**Available data:**
[Start of Attachment]
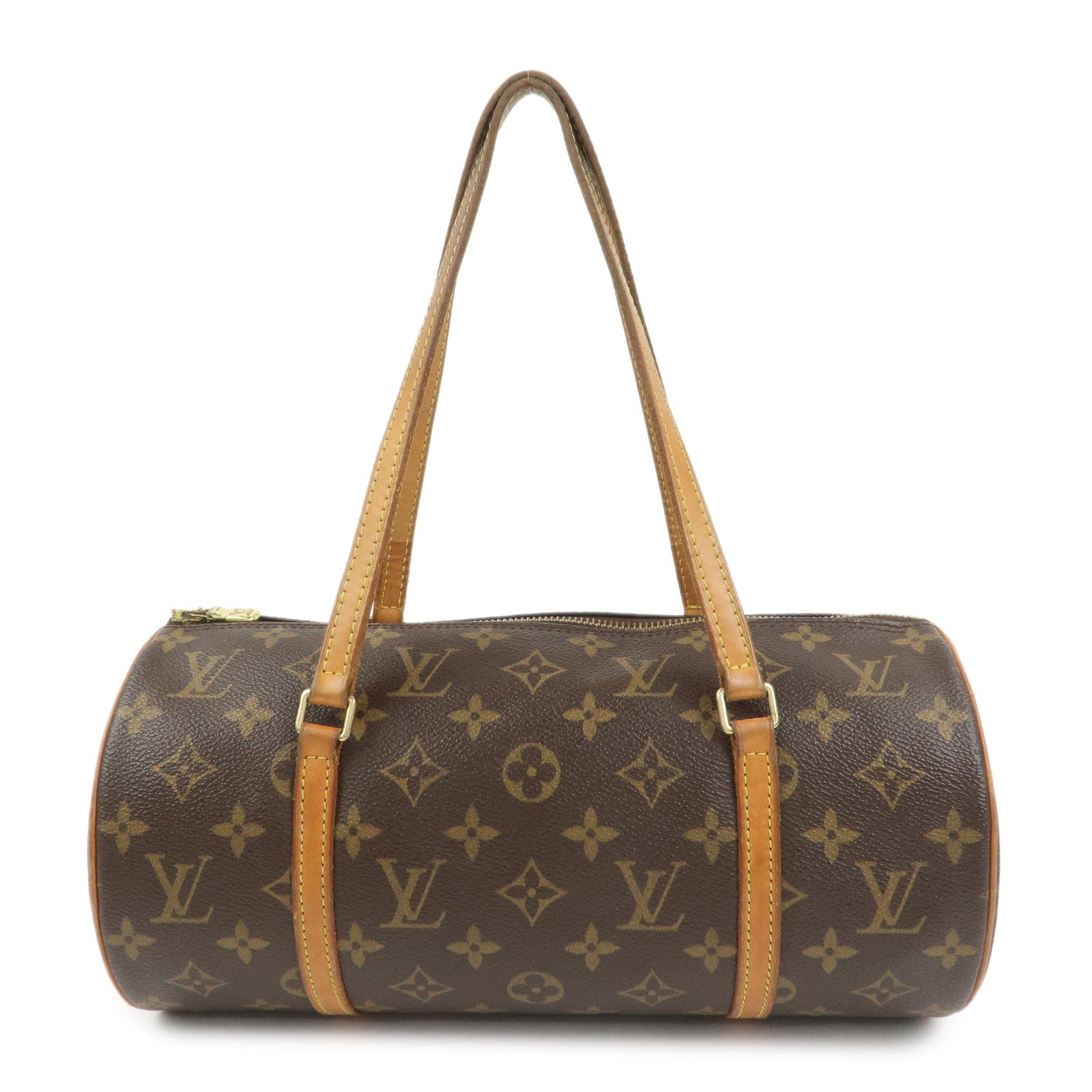 Louis Vuitton Monogram Papillon 30 Hand Bag Brown M51385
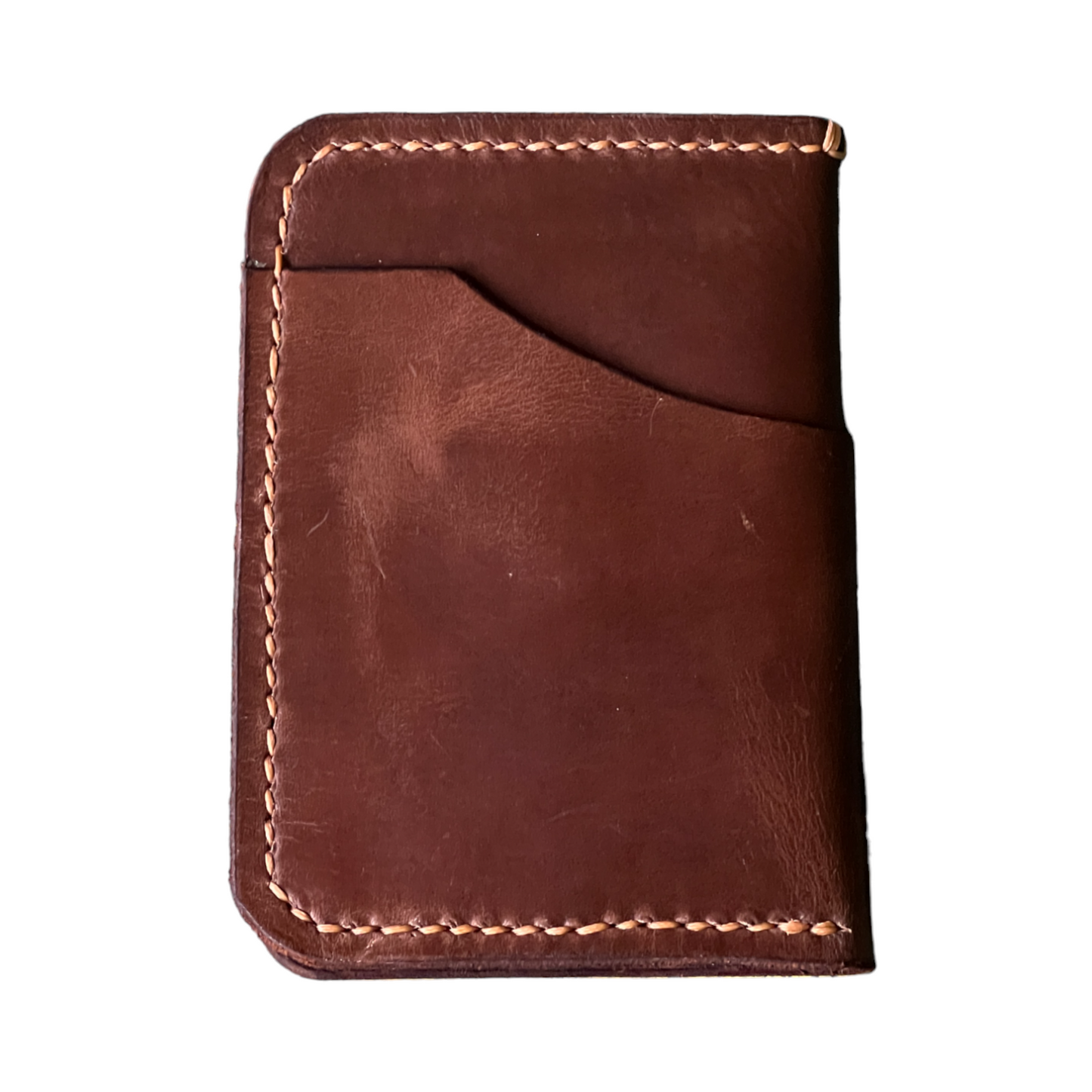 The Papa - Horween Brown Dublin Tan Stitching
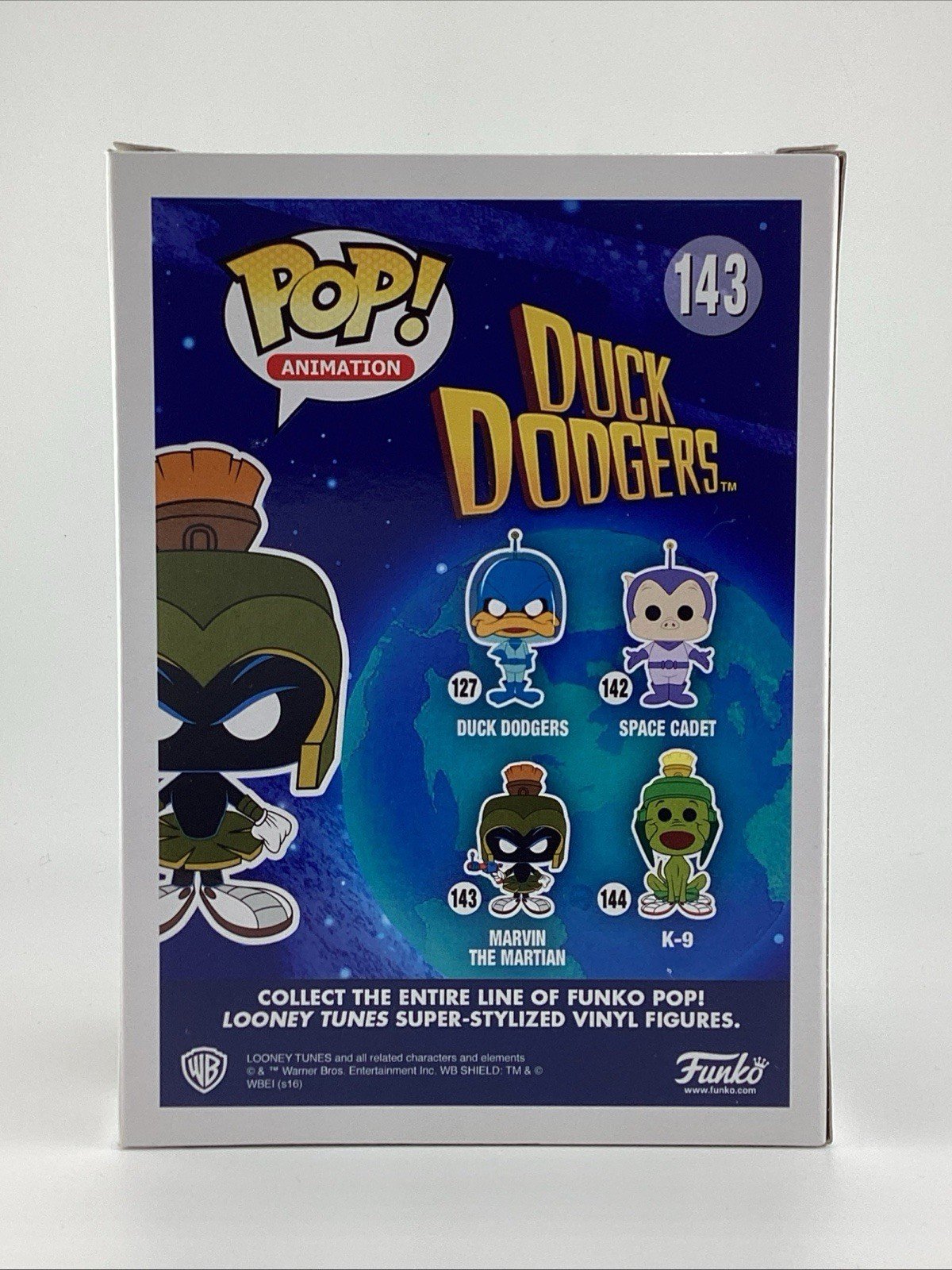 Funko Pop! Vinyl: Looney Tunes - Marvin the Martian - Funko Shop (Excl) #143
[End of Attachment]
**Task instructions:** Please write every line above out exactly as given, except for any pictures.

**Response below:**
 Louis Vuitton Monogram Papillon 30 Hand Bag Brown M51385
 The Papa - Horween Brown Dublin Tan Stitching
 Funko Pop! Vinyl: Looney Tunes - Marvin the Martian - Funko Shop (Excl) #143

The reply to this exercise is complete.